Your task – Below is a listing to copy exactly; no image goes into the copy.

[Input material — start]

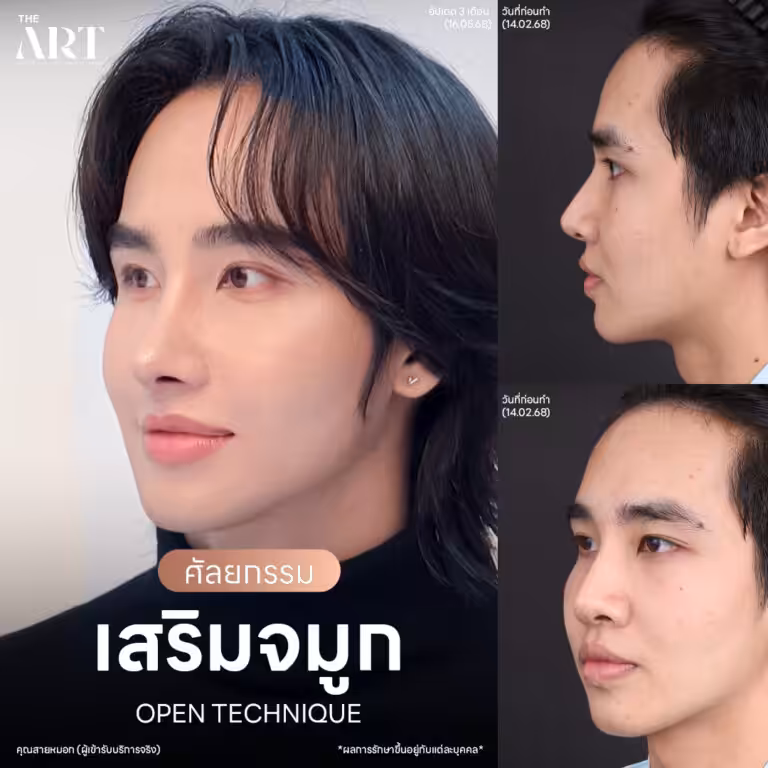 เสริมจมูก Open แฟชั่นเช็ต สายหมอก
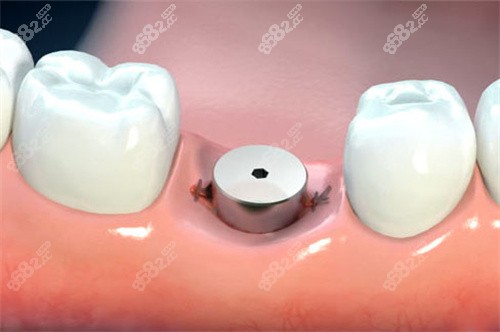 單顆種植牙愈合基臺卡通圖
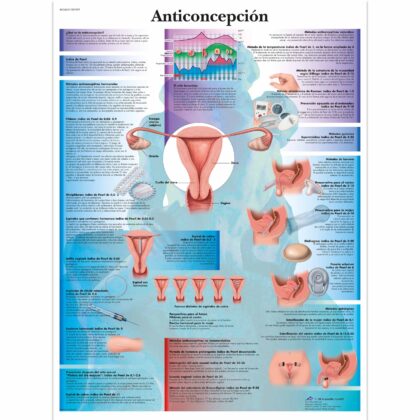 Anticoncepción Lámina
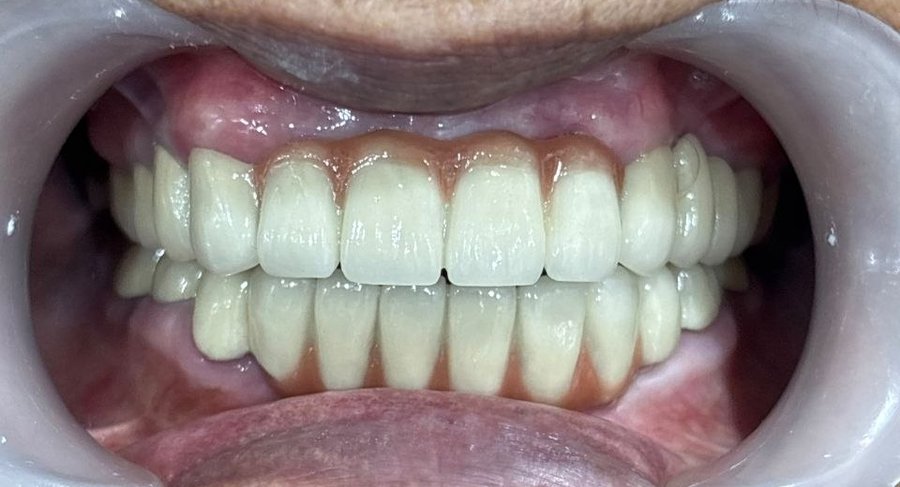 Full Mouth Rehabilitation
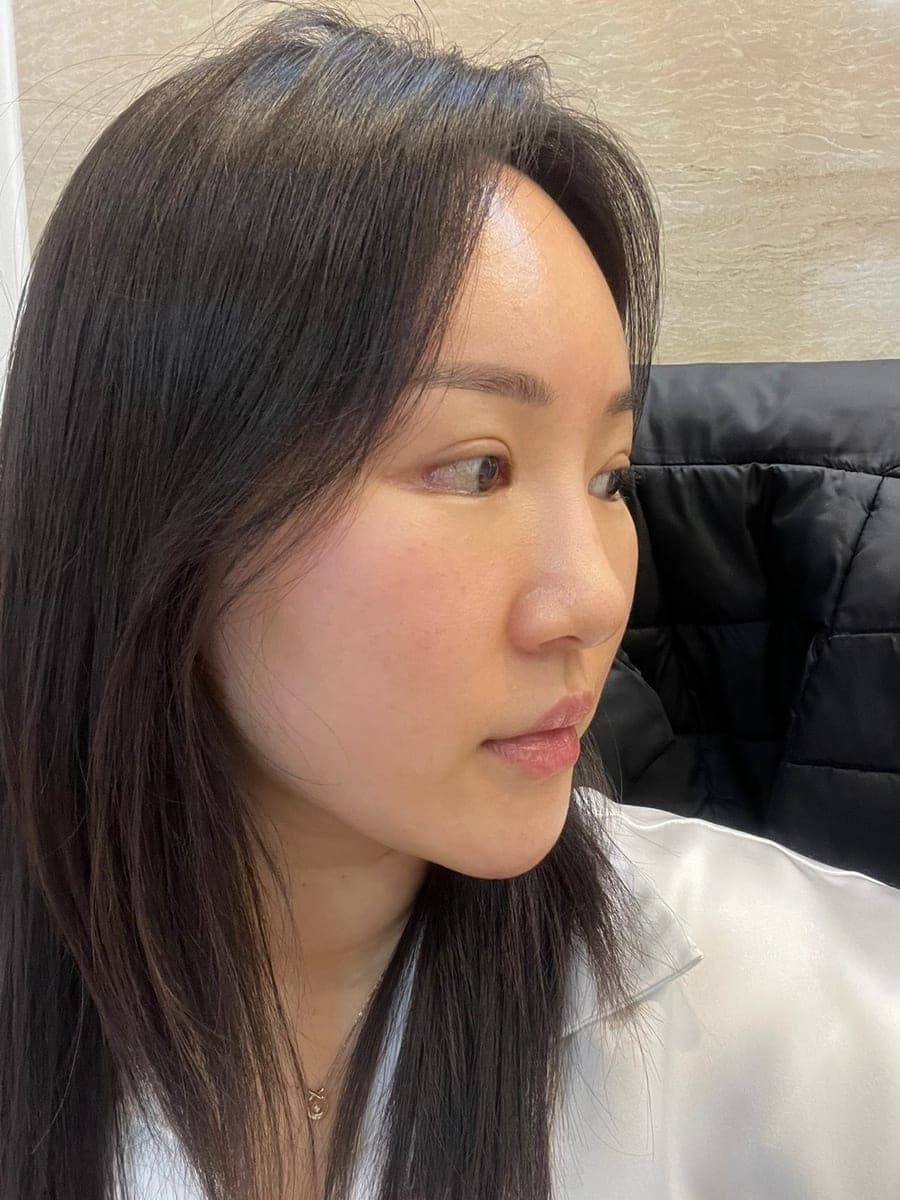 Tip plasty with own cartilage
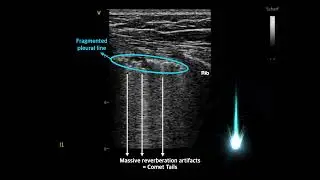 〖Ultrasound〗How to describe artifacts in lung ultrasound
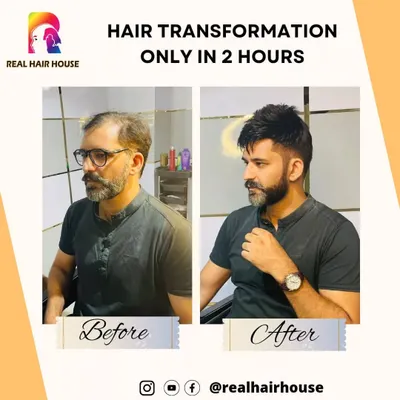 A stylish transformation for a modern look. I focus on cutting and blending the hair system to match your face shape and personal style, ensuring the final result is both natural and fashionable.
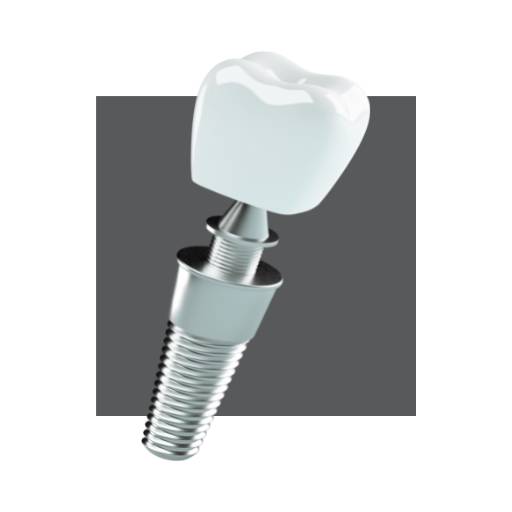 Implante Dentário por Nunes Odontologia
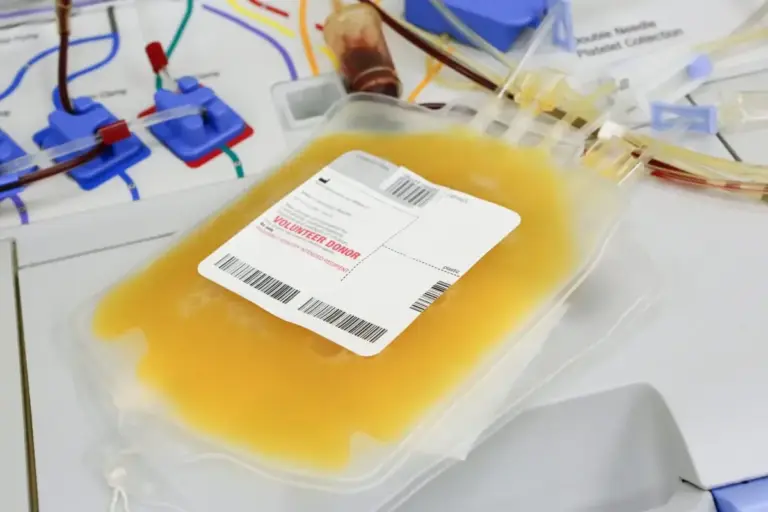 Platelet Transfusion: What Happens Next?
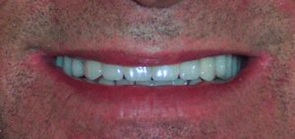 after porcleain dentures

[Input material — finish]

Response to the exercise –
 เสริมจมูก Open แฟชั่นเช็ต สายหมอก
 單顆種植牙愈合基臺卡通圖
 Anticoncepción Lámina
 Full Mouth Rehabilitation
 Tip plasty with own cartilage
 〖Ultrasound〗How to describe artifacts in lung ultrasound
 A stylish transformation for a modern look. I focus on cutting and blending the hair system to match your face shape and personal style, ensuring the final result is both natural and fashionable.
 Implante Dentário por Nunes Odontologia
 Platelet Transfusion: What Happens Next?
 after porcleain dentures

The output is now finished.